Supplied material: Begin
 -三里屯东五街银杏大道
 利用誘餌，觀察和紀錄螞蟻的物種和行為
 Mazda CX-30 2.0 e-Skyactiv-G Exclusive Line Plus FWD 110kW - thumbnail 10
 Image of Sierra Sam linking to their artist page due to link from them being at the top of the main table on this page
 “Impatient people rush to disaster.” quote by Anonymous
Supplied material: End
Supplied material: Begin
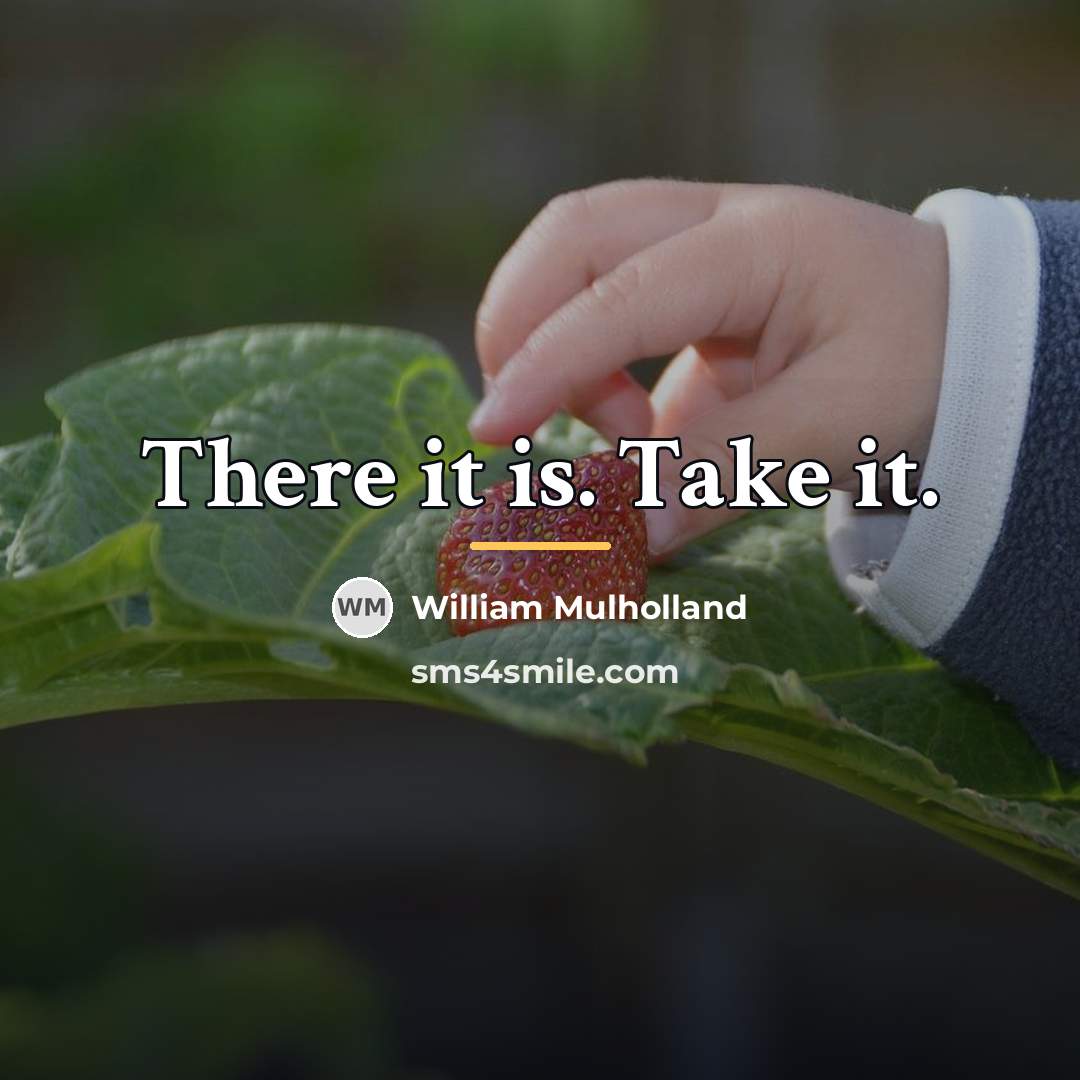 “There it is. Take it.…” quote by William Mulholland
Supplied material: End
What is being asked – There is a line with "Image of Sierra" and a line with "quote by Anonymous" above. Copy exactly those two lines and all lines between them, with nothing else.

Answer box –
 Image of Sierra Sam linking to their artist page due to link from them being at the top of the main table on this page
 “Impatient people rush to disaster.” quote by Anonymous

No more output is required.